Guest Blog: Pastors’ Letter – Texas public schools are not ‘Godless environment’

Speaking passionately and personally, we pastors are for Texas children, and we are alarmed at the language and legislation coming from some of the most powerful people in our land. It attacks neighborhood and community schools and the dedicated, faithful educators who nurture and instruct our children.

The Texas Senate recently passed Senate Bill 4, providing tuition tax credits to donors giving scholarships to private schools. These are plainly private school vouchers.

The lieutenant governor’s hand-picked advisory board issued a letter calling every public school classroom “a Godless environment.”

We are offended. Several of our spouses and many of our members work in public schools, and many of our children attend them. We are certain they take God with them.

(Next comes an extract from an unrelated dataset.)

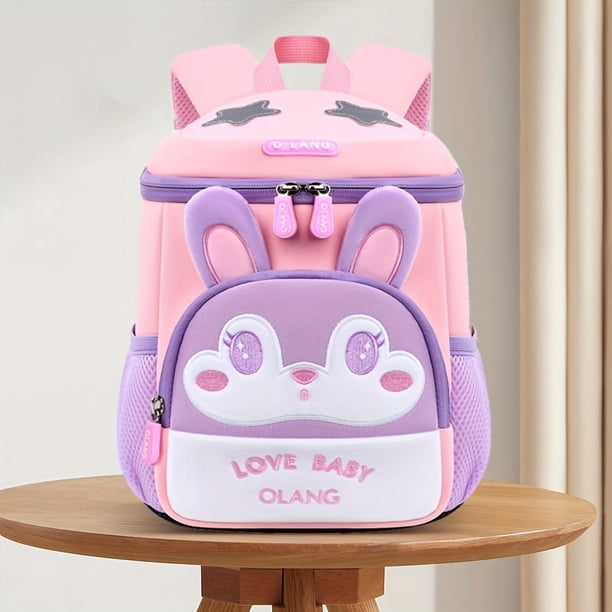 Kindergarten School Bag Girls New Cute Little Kids Anti-lost Backpack Bucket Bag Lightweight Spine Protection Backpack With Reflective Design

We see first-hand the dedicated servants committed to the moral, ethical and emotional well-being of children as well as their academic preparation. We know the love with which counselors, administrators, classroom teachers and other staff work with the broad range of students.

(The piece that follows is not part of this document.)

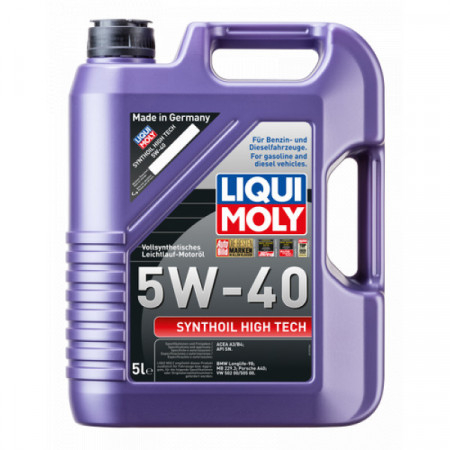 Ulei motor Liqui Moly Synthoil HIGH TECH 5W-40 (3701) (1307) (1856) 5L [1]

They encourage all, fretting over those with particular challenges, pouring their hearts, their hours, their energies into the precious lives of children, no matter their native ability, economic background or ethnicity. Former U.S. Sen. John Danforth, R-Mo., also an Episcopal priest, points out that objects — like chewing gum — may be kept out of schools, but not God. God is the creator of heaven and earth.

Pickpocketing public coffers while simultaneously attacking public schools — anchor of the common good — seems to us inadequate leadership.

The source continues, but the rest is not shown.